Lyon : Procès d’une « lanceuse d’alerte » poursuivie par Tefal
JUSTICE•Cette inspectrice du travail avait été condamnée mais le verdict a été annulé en vertu de la loi Sapin II20 Minutes avec AFP
«Je n’ai fait que mon métier », a assuré jeudi à Lyon une inspectrice du travail de Haute-Savoie, jugée une troisième fois pour avoir rendu publics des documents confidentiels de la société Tefal. « J’estime qu’il y a des principes importants à défendre », a soutenu à la barre Laura Pfeiffer, dont le procès se tenait à l’aune de la nouvelle loi Sapin II sur les lanceurs d’alerte.
Ce statut est revendiqué par la jeune femme, qui a été accueillie devant la Cour d’appel de Lyon par les vivats de 250 personnes rassemblées par une intersyndicale de l’inspection du travail. Accusée de « recel de violation du secret des correspondances et violation du secret professionnel », la fonctionnaire avait été condamnée en première instance à Chambéry en décembre 2015 puis en appel en novembre 2016 à des peines d’amende avec sursis. Mais sa peine a été annulée en octobre dernier par la Cour de cassation, qui a demandé que l’affaire soit rejugée sur la base de la loi Sapin II.
Tefal accusé de collusion
A l’origine de l’affaire, un ancien informaticien de Tefal – également condamné mais qui n’a pas fait de recours – avait intercepté en 2013 une série de courriels et de fichiers de sa direction à l’usine Tefal de Rumilly (Haute-Savoie), où il travaillait. Il les avait ensuite envoyés anonymement par mail à Laura Pfeiffer, qui avait mené une mission dans la société.

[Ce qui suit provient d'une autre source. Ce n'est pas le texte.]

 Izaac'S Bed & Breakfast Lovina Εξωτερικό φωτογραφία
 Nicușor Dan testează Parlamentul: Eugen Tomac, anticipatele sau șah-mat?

Les documents peuvent attester d’une collusion entre Tefal et le supérieur hiérarchique de Laura Pfeiffer en vue d’entraver l’action de cette dernière, qui venait de demander la renégociation de l’accord 35 heures de l’entreprise. « Ca m’a sidéré, ça m’a créé un choc. (…) Je n’imaginais pas autant de manoeuvres aussi bien pensées et avec autant d’acteurs du département pour m’évincer », a raconté au président Eric Seguy la fonctionnaire, assurant n’avoir « jamais eu de souci avec (s) a hiérarchie » dans ses fonctions précédentes.
Des « fantasmes », selon Tefal
Après s’être tournée en vain vers une de ses supérieures Laura Pfeiffer avait saisi le conseil national de l’inspection du travail (CNIT) et les syndicats de son ministère, à qui elle avait transmis tous les fichiers. « Rien n’est constitué, ce sont des fantasmes, on voit des complots partout », a plaidé l’avocat de Tefal, Me Joseph Aguera.
« Je vois une fonctionnaire passionnée par son travail, qui a cru bien faire (..) Il faut que ça s’arrête », a déclaré pour sa part un des avocats de Laura Pfeiffer Me Henri Leclerc, en demandant la relaxe totale. L’avocat général a quant à lui demandé la confirmation de la condamnation du premier appel. La cour a mis en délibéré sa décision au 24 octobre prochain.